Tejo já é a paragem mais importante para os maçaricos-de-bico-direito. E que influência é que isso tem?

O investigador português Afonso Rocha integra uma equipa da Universidade da Extremadura, em Espanha, que está a estudar espécies migradoras no estuário do Tejo.

Foto
Nuno Ferreira Santos

Quem passa nas estradas que envolvem os arrozais do estuário do Tejo nem se apercebe, mas por estes dias os talhões cobertos de água estão habitados por milhares de maçaricos-de-bico-direito (Limosa limosa), que se preparam para a longa viagem até aos locais de reprodução, no Norte da Europa.

Atento à sua localização e com várias noites perdidas para tentar capturar, temporariamente, algumas destas aves, colocando-lhes pequenos transmissores, o biólogo Afonso Rocha integra uma equipa de investigadores da Universidade da Estremadura (Uex), em Espanha, que quer perceber como é que as alterações e perda de habitat nos tradicionais locais de paragem das aves migradoras estão a afectar o seu stress oxidativo. É que isso pode influenciar o futuro destas espécies. E, neste momento, o Tejo é o principal local de paragem para os maçaricos.

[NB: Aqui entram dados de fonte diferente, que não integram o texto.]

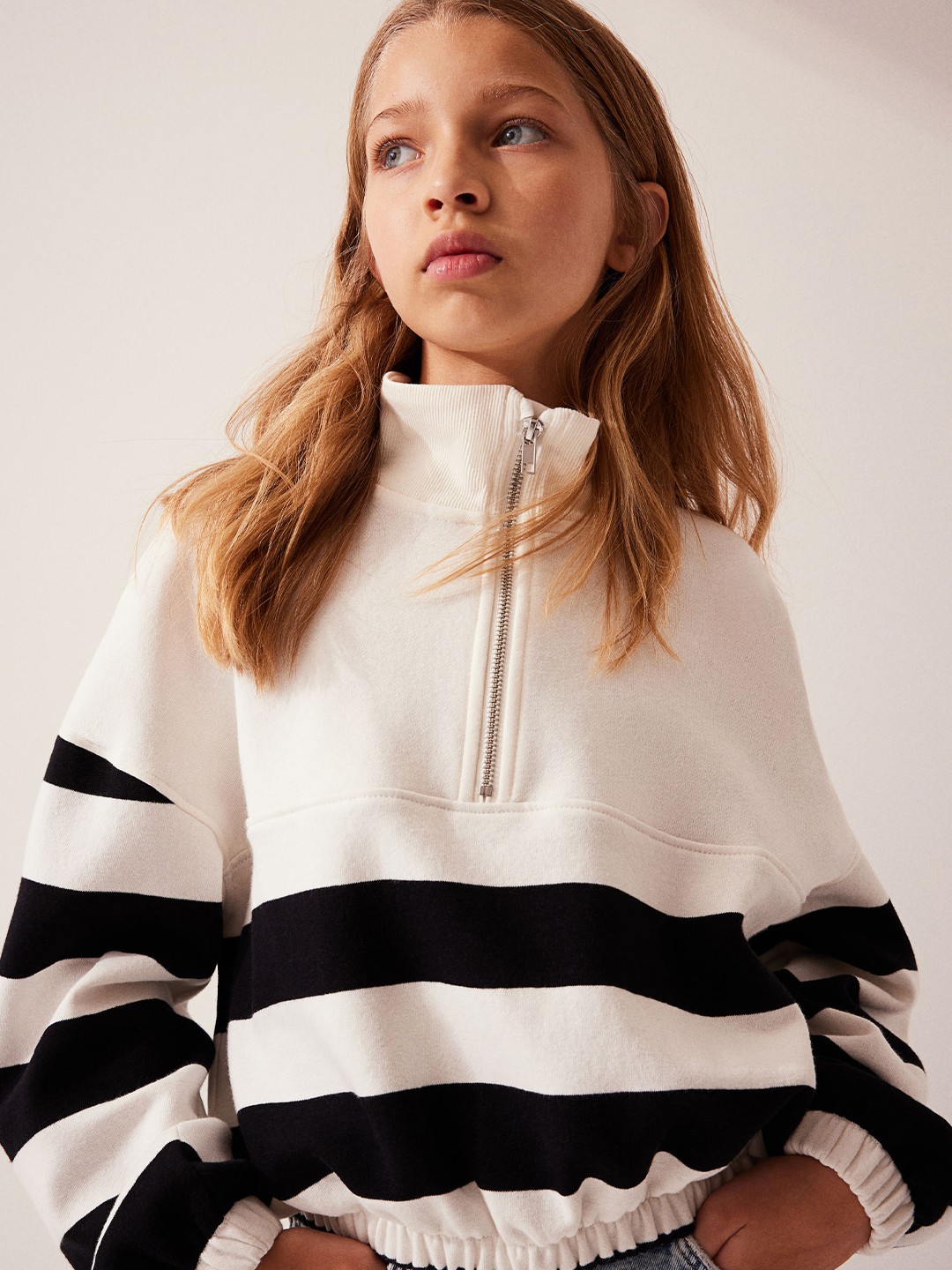

H&M Girls Oversized Zip-top Sweatshirt, White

“Historicamente, os locais mais importantes para a espécie como zona de paragem, durante a rota de migração, eram Doñana, no Sul de Espanha, e em Portugal o estuário do Tejo, mas devido à seca e à utilização cada vez maior de água pela agricultura, nessas zonas de Doñana, e também nos arrozais da Extremadura [espanhola], o habitat disponível tem estado a reduzir-se e o Tejo, nos últimos anos, também aumentou a sua área de arrozal e tem estado a aumentar a sua importância a nível populacional para a espécie, nota o biólogo.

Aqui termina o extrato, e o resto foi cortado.